Type Conversion (Coercion)

R can convert between types:

# Explicit conversion
x <- 3.7
as.integer(x)      # Truncates to 3

[1] 3

as.character(x)    # "3.7"

[1] "3.7"

as.logical(x)      # TRUE (non-zero numbers are TRUE)

[1] TRUE

# Converting strings to numbers
text_numbers <- c("1", "2.5", "3")
numeric_values <- as.numeric(text_numbers)
print(numeric_values)

[1] 1.0 2.5 3.0

# What happens with invalid conversions?
as.numeric(c("1", "hello", "3"))  # Returns c(1, NA, 3)

[1]  1 NA  3

Automatic Type Conversion

R automatically converts types when needed:

# Mixing types in operations
result1 <- 5L + 3.2      # integer + double = double
typeof(result1)

[1] "double"

result2 <- TRUE + 5      # logical + numeric = numeric
print(result2)           # TRUE becomes 1

[1] 6

# result3 <- "Number: " + 5  # This will cause an error!
# Instead, use paste():
result3 <- paste("Number:", 5)
print(result3)

[1] "Number: 5"

Practical Examples

Example 1: Survey Data Analysis

# Survey responses
respondent_id <- 1:5
age <- c(25, 30, 28, 35, 29)
income <- c(45000, 52000, 48000, 65000, 51000)
satisfied <- c(TRUE, TRUE, FALSE, TRUE, TRUE)
feedback <- c("Great!", "Good service", "Could be better", "Excellent", "Very happy")

# Analysis
avg_age <- mean(age)
avg_income <- mean(income)
satisfaction_rate <- mean(satisfied)
num_responses <- length(respondent_id)

# Create summary
summary_text <- paste("Survey Results:",
                     "\nAverage age:", round(avg_age, 1),
                     "\nAverage income: $", format(avg_income, big.mark = ","),
                     "\nSatisfaction rate:", round(satisfaction_rate * 100, 1), "%",
                     "\nTotal responses:", num_responses)

cat(summary_text)

Survey Results: 
Average age: 29.4 
Average income: $ 52,200 
Satisfaction rate: 80 % 
Total responses: 5

Example 2: Data Quality Checks

# Simulated data with quality issues
temperatures <- c(72, 75, NA, 80, 999, -50, 77)

# Quality checks
valid_range <- temperatures >= 0 & temperatures <= 120
has_missing <- is.na(temperatures)
suspicious_values <- temperatures > 100 | temperatures < 0

# Results
cat("Valid temperatures:", sum(valid_range, na.rm = TRUE), "\n")

Valid temperatures: 4

cat("Missing values:", sum(has_missing), "\n")

Missing values: 1

cat("Suspicious values:", sum(suspicious_values, na.rm = TRUE), "\n")

Suspicious values: 2

# Clean the data
clean_temperatures <- temperatures[valid_range & !has_missing]
print(clean_temperatures)

[1] 72 75 80 77

Common Pitfalls and Best Practices

1. Integer vs Double Confusion

# This might surprise you!
x <- 5
y <- 5L

identical(x, y)  # FALSE! Different types

[1] FALSE

x == y          # TRUE (values are equal)

[1] TRUE

# Best practice: be explicit about integer types when needed

2. Character to Numeric Conversion

# Common mistake
numbers_as_text <- c("1", "2", "3")
# numbers_as_text + 1  # This would error!

# Correct approach
numbers <- as.numeric(numbers_as_text)
numbers + 1  # Now this works

[1] 2 3 4

3. Logical Arithmetic

# Useful for counting
test_scores <- c(85, 92, 78, 96, 75, 88)
passing_scores <- test_scores >= 80

# Count passing scores
num_passing <- sum(passing_scores)

# Percentage passing
pct_passing <- mean(passing_scores) * 100

cat("Students passing:", num_passing, "\n")

Students passing: 4

cat("Percentage passing:", round(pct_passing, 1), "%\n")

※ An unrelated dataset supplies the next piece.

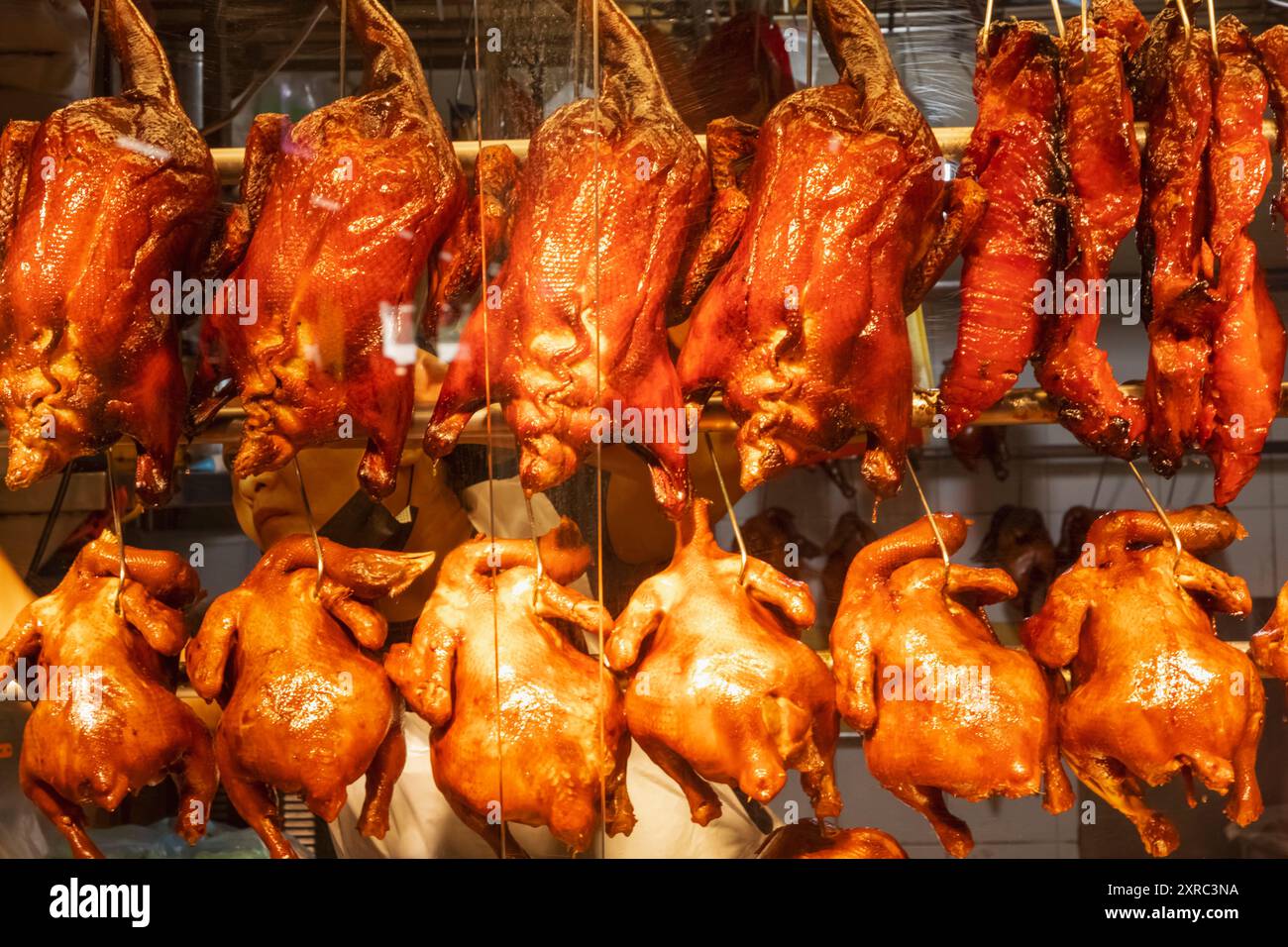 Asia, Singapore, Chinatown, area ristoro tipica, colorato Hawker Stall, visualizzazione della finestra Stall carne arrosto Foto Stock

Percentage passing: 66.7 %

Exercises

Exercise 1: Type Exploration

Create variables of each data type and explore their properties:

# Create one variable of each type
my_integer <- ___
my_double <- ___
my_character <- ___
my_logical <- ___

# Check their types using typeof()
# Convert between types using as.* functions
# Try some arithmetic operations

Exercise 2: Real-World Data Types

Given this data about employees, determine the appropriate data type for each variable:

Employee ID numbers
Employee names
Salaries
Whether they work remotely
Years of experience
Department codes

Exercise 3: Type Coercion Challenge

What will be the result and type of each expression?

TRUE + 2
"5" + 3
as.logical(0)
as.logical(-1)
as.integer(3.9)
paste(TRUE, 5)

Summary

Understanding R’s data types is crucial for effective programming:

Numeric types: integers (with L) and doubles (default for numbers)
Character type: text strings in quotes
Logical type: TRUE/FALSE values
Special values: NA (missing), NULL (absent), Inf (infinity)

Key points to remember:

Everything in R has a type
R can convert between types (sometimes automatically)
Check types when debugging using typeof() and class()
Be explicit about integers using the L suffix
Logical values are powerful for filtering and counting

Next, we’ll explore how to combine these basic types into vectors, R’s fundamental data structure!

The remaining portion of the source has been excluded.